Leaving out every picture, quote the data below exactly as it appears.

Dataset section:
********************
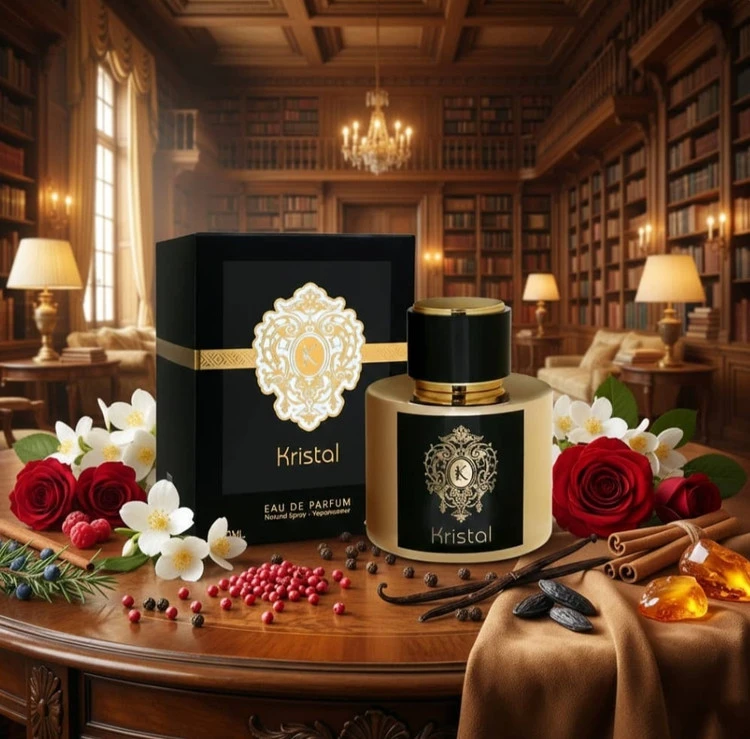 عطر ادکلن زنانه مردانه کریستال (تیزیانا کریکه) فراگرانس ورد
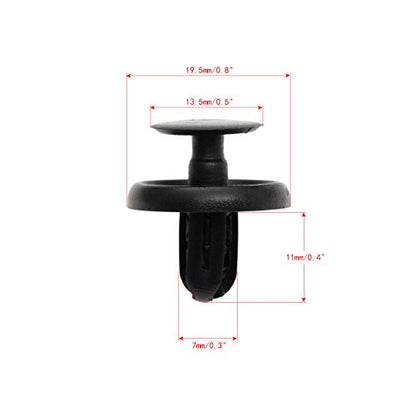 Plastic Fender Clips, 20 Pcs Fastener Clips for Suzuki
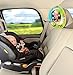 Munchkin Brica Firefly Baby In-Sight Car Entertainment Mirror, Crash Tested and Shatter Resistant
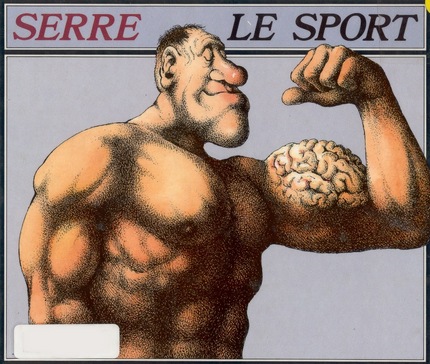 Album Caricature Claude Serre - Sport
********************
Exercise result:
 عطر ادکلن زنانه مردانه کریستال (تیزیانا کریکه) فراگرانس ورد
 Plastic Fender Clips, 20 Pcs Fastener Clips for Suzuki
 Munchkin Brica Firefly Baby In-Sight Car Entertainment Mirror, Crash Tested and Shatter Resistant
 Album Caricature Claude Serre - Sport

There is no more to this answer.